MLLMs present the opportunity to solve “top-down,” starting from a world model. What if we could reason about driving with a model that is broadly trained on the world’s knowledge, and optimize it for executing the driving task?  What if such a model could reason about a scene holistically, going from perception to suggested driving outcomes in a single step? The result would be an autonomy stack that is both simpler to build, and much more capable – a stack that can reason about complex and fluid urban driving scenarios that go beyond classic curated training.

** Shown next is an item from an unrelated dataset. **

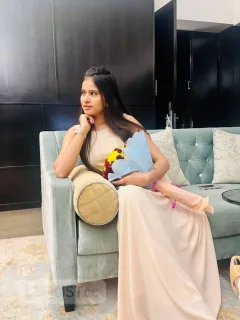 Hot Indian Punjabi student girl available for you - Photo 6 of 9
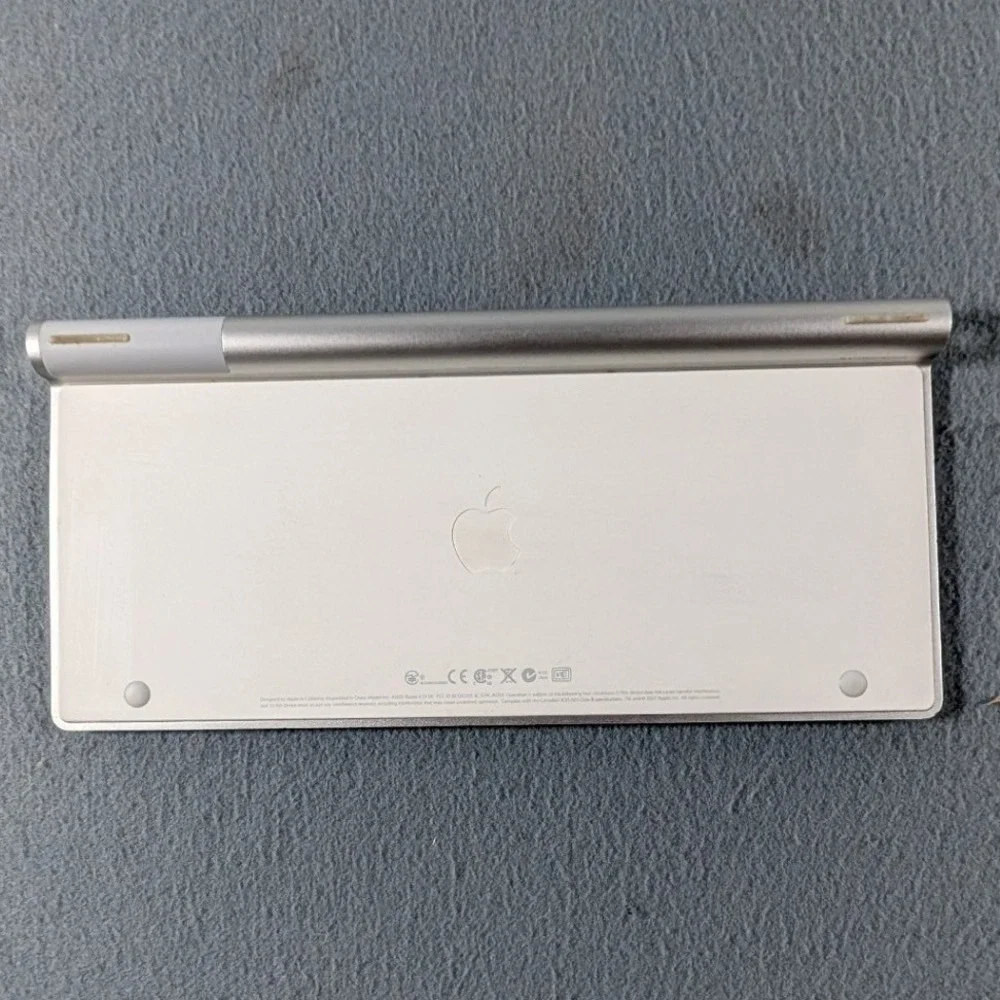 Apple‎ Wireless Keyboard A1255 Silver Bluetooth for Mac iPad iPhone OS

Implementing MLLMs for driving requires a new architecture, as today’s MLLMs are significantly too large to run on embedded in-car processors.  A hybrid architecture is required, where large-scale MLLMs running in the cloud collaborate with specially trained models running in-car, splitting the autonomy task and long-term vs. short-term planning between car and cloud.

Building, delivering, and validating for safety this large-model autonomy architecture will take time, but that doesn’t mean that MLLMs can’t impact the autonomy stack much more quickly. MLLMs can start by improving the data center processes by which autonomy training data is curated, labeled, simulated, and in-car networks are trained and validated. MLLMs can also be linked to and start adding insights to existing autonomy architectures, as they grow in their capabilities to takeover more and more of the autonomy task.  For a deeper exploration of how large-scale models will impact the autonomy architecture, read this accompanying technical blog.

In Conclusion

Ghost’s autonomy platform is evolving quickly to include capabilities powered by large multi-modal vision-language models. If you are an automaker who would like to explore adding MLLM-based reasoning and intelligence to your ADAS or AV system, we’d love to collaborate.

Disclaimer: Ghost Autonomy’s MLLM-based capabilities are currently in development.  These video and image examples show MLLM-based analysis of driving scenes captured from Ghost vehicles driving in both autonomous and conventional mode. MLLM-based reasoning is not yet being returned to the car to impact actual driving maneuvers.